### Exercise data:

━━━━━━━━━━━━━━━━━━━━

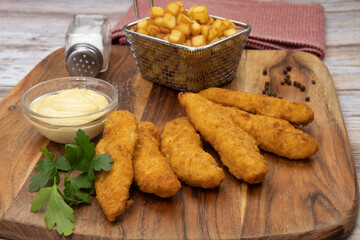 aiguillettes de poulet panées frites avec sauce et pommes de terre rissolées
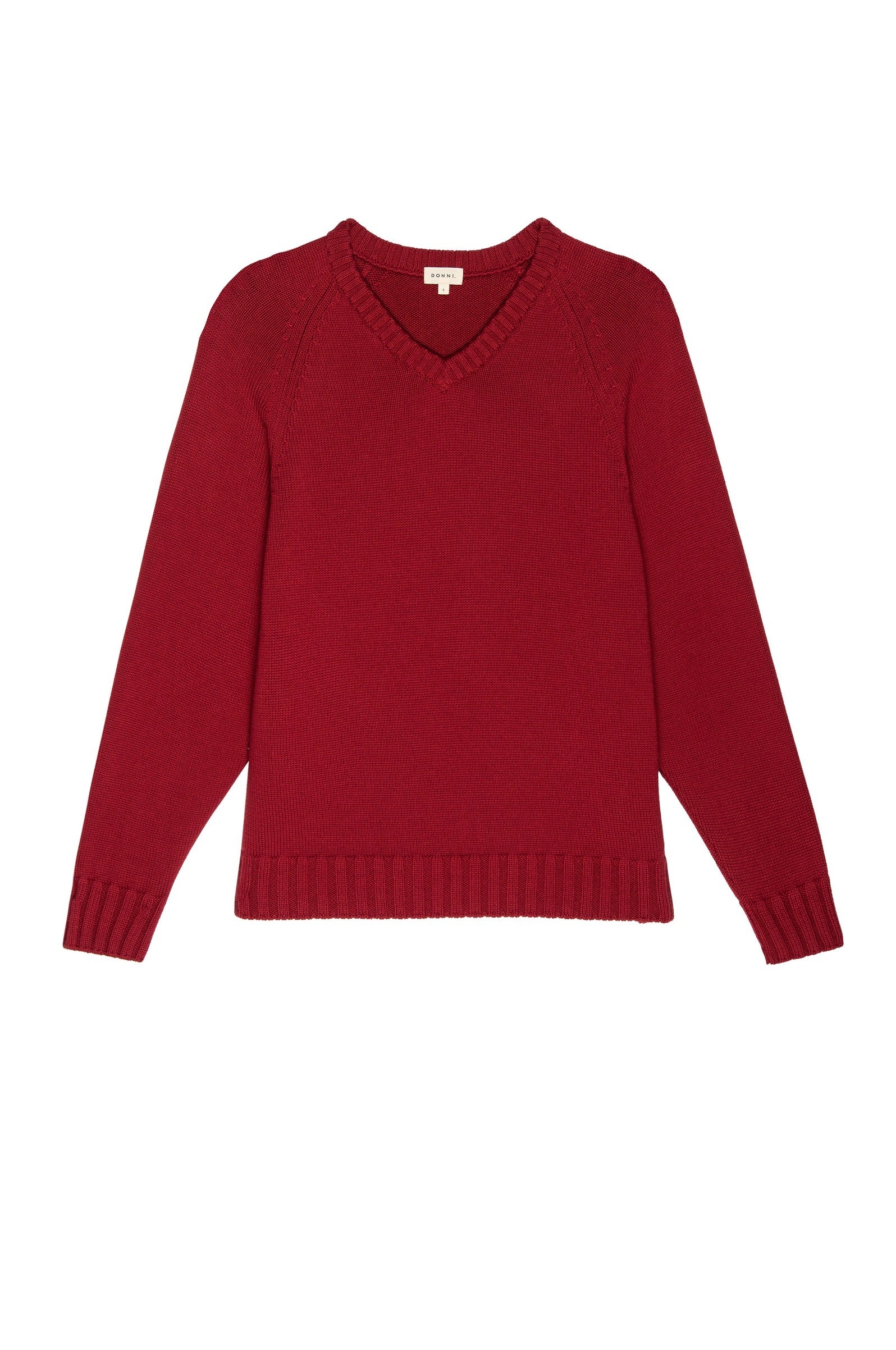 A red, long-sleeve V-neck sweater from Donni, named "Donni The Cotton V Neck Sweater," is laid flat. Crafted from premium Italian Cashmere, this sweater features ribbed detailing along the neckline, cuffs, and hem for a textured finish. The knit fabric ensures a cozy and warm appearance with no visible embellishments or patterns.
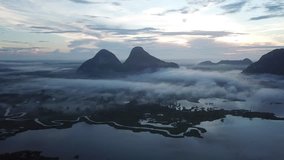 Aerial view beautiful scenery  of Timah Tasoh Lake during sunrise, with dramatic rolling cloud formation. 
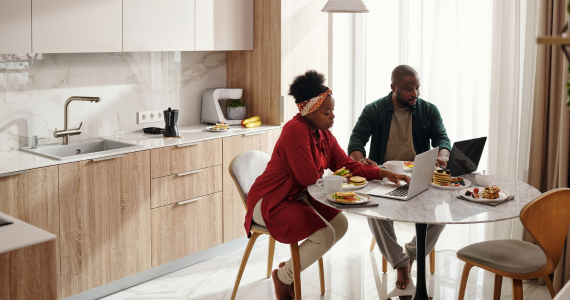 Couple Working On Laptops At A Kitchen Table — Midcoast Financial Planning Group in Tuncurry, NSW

━━━━━━━━━━━━━━━━━━━━

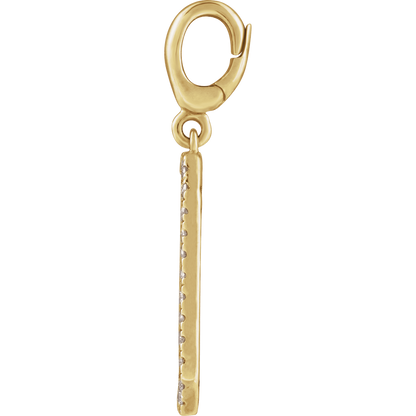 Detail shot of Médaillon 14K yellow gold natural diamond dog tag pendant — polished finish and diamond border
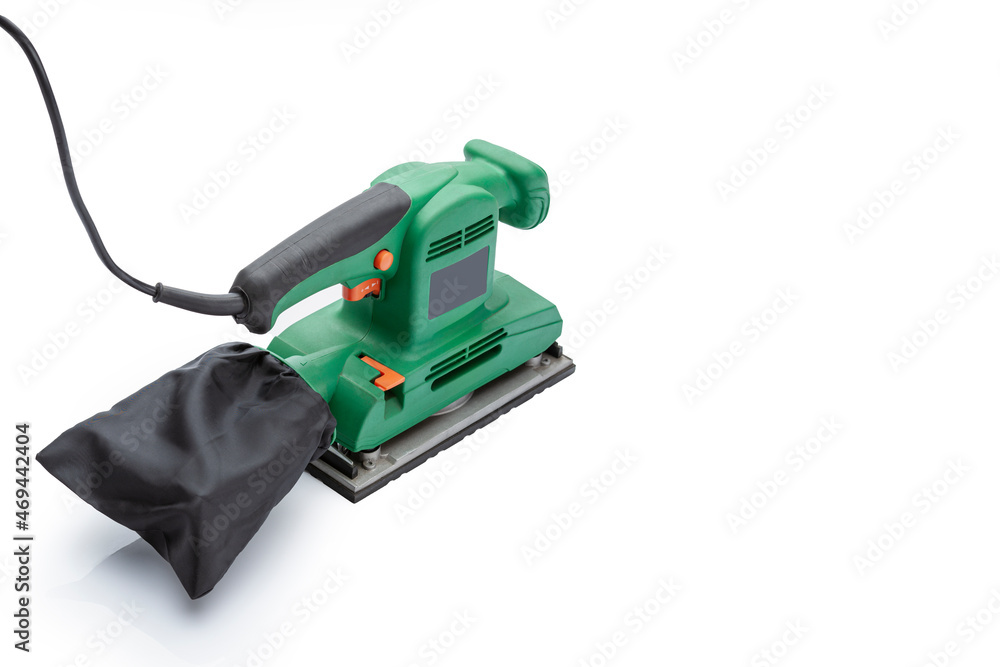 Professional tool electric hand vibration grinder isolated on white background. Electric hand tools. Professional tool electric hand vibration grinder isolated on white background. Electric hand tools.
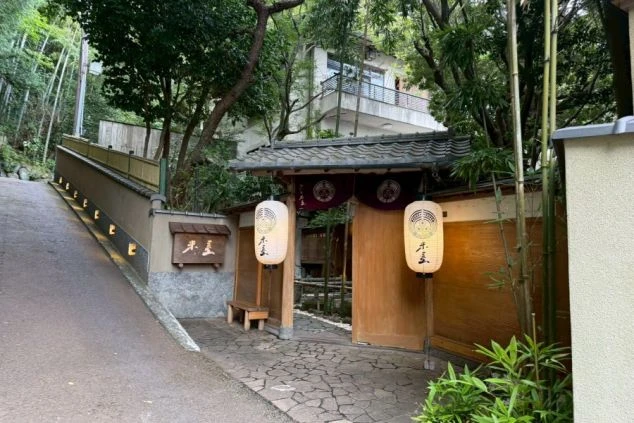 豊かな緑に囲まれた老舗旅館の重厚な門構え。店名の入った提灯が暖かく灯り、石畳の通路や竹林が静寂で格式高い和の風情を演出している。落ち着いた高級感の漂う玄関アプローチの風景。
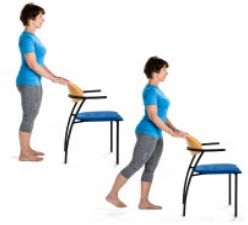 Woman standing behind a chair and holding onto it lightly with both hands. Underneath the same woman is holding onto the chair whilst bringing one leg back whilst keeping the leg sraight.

━━━━━━━━━━━━━━━━━━━━

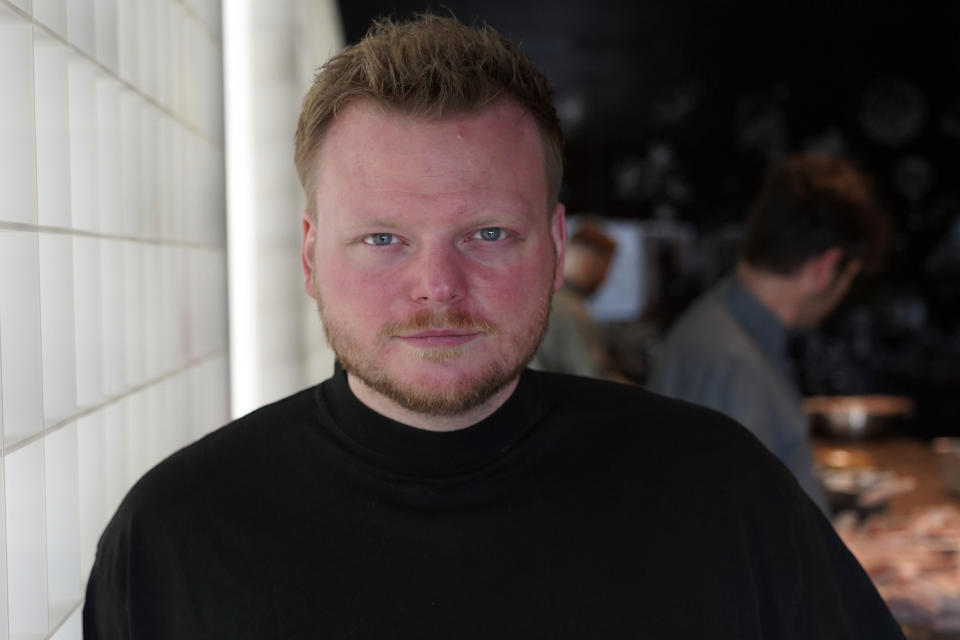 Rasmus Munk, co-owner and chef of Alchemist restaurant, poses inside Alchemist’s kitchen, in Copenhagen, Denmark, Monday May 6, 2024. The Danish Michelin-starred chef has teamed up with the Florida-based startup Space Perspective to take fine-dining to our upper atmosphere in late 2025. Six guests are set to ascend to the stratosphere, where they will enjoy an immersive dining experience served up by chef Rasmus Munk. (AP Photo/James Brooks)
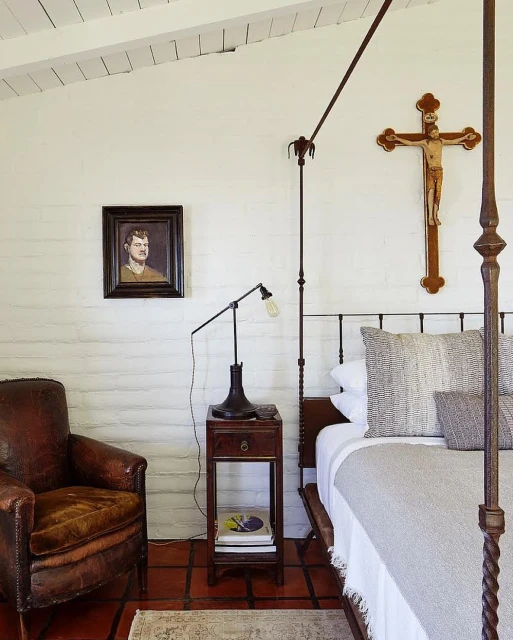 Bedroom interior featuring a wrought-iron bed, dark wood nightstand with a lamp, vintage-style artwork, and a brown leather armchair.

━━━━━━━━━━━━━━━━━━━━

### The task:
Please return the data above exactly as it stands from the line with "hand tools. Professional" to the line with "豊かな緑に囲まれた老舗旅館の", keeping both of those lines but none of the pictures.

### Your solution:
 Professional tool electric hand vibration grinder isolated on white background. Electric hand tools. Professional tool electric hand vibration grinder isolated on white background. Electric hand tools.
 豊かな緑に囲まれた老舗旅館の重厚な門構え。店名の入った提灯が暖かく灯り、石畳の通路や竹林が静寂で格式高い和の風情を演出している。落ち着いた高級感の漂う玄関アプローチの風景。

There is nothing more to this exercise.